So for a few weeks now I've been visiting the giveaway tables downstairs, happy with my Dickinson finds, the poetry anthologies, the poetry craft and comment books. But the other day when I checked the tables, it was a dreary experience.
Looks like they've cleared out the women studies and feminist titles with the newest batch of free books.
Now I'm wondering who makes these choices and what are the reasons? Is it some arbritrary choice on the library manager and his staff? Or is there some objective criteria - a print-out of books that have not been checked out in four years or whose copyright date is 1960 or before or whose author/title has never appeared in the NY Times Review of Books or WHAT?
Other ism titles put to pasture: books on marxism, fascism, communism, capitalism.
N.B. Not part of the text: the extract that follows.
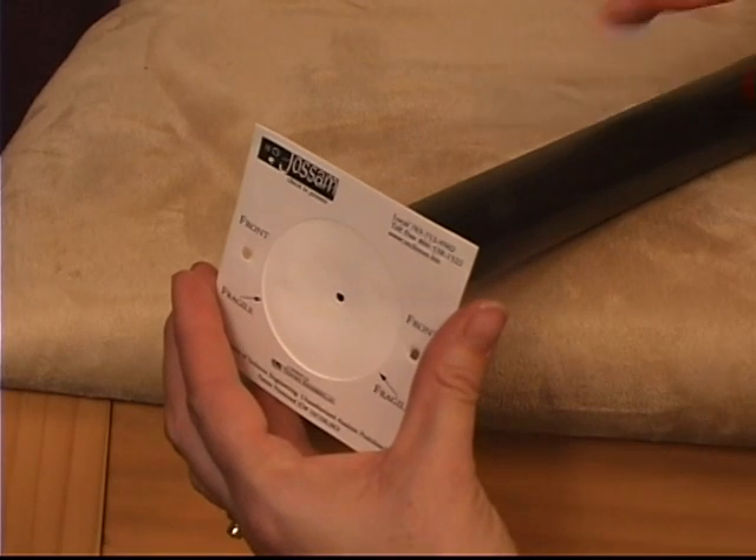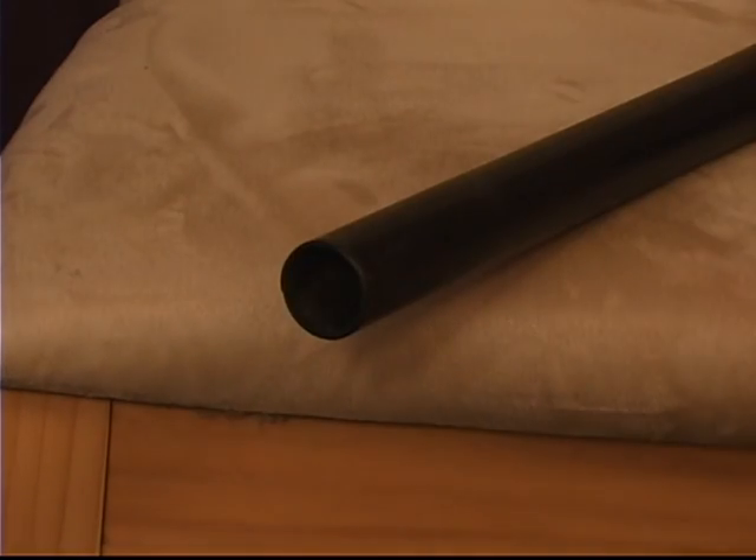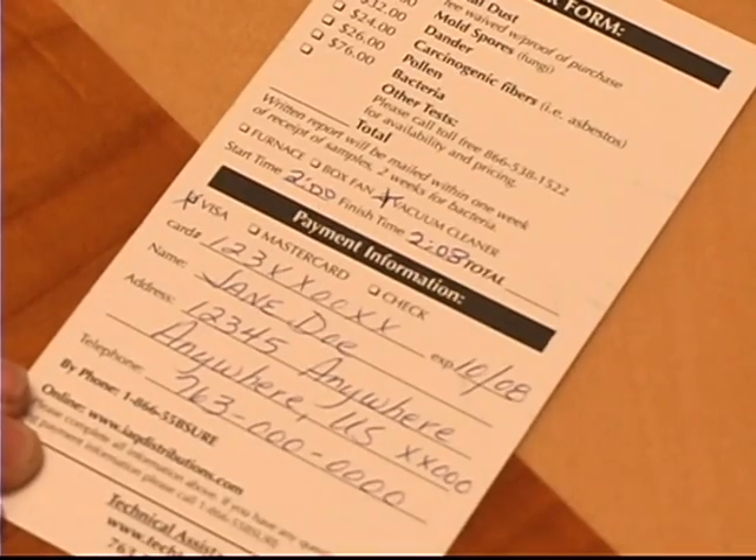Step 6. While holding the edge of the filter, shut off the vacuum and carefully remove the Jossam Sampler from the vacuum hose. Do not touch the center filter. Step 7. Record the finish time on the order form.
Almost forgot to mention my circes. What an odd situation: I might have filled my shelves and yet, doing so would have no better utility than the possibility that a student might pick up one of these books, read it, and have her eyes opened. So I chose frugality. Just two books.
THE FEMINIST PAPERS: From Adams to de Beauvoir, Alice Rossi, ed.
A hefty, feels-go-in-your-hand anthology of monographs and representative essays by a respected Western sociologist. Nowhere near comprehensive and with a publication date of 1973, only the beginning of the story. Subjects covered: Abigail Adams, Judith Sargent Murray, Wollstonecraft, Frances Wright, Harriet Martineau, Margaret Fuller, John Stuart Mill, the Grimke sisters, Elizabeth & Emily Blackwell, Elizabeth Cady Stanton, Susan B Anthony, Engels, Bebel, Red Emma Goldmann, Margaret Sanger, La Follete, Charlotte Perkins Gilman, Jane Addams, Virginia Woolf, Margaret Mead, de Beauvior.
BOLSHEVISM, FASCISM AND CAPITALISM, Counts et al
I wanted to refresh my perception of the differences between the latter two systems.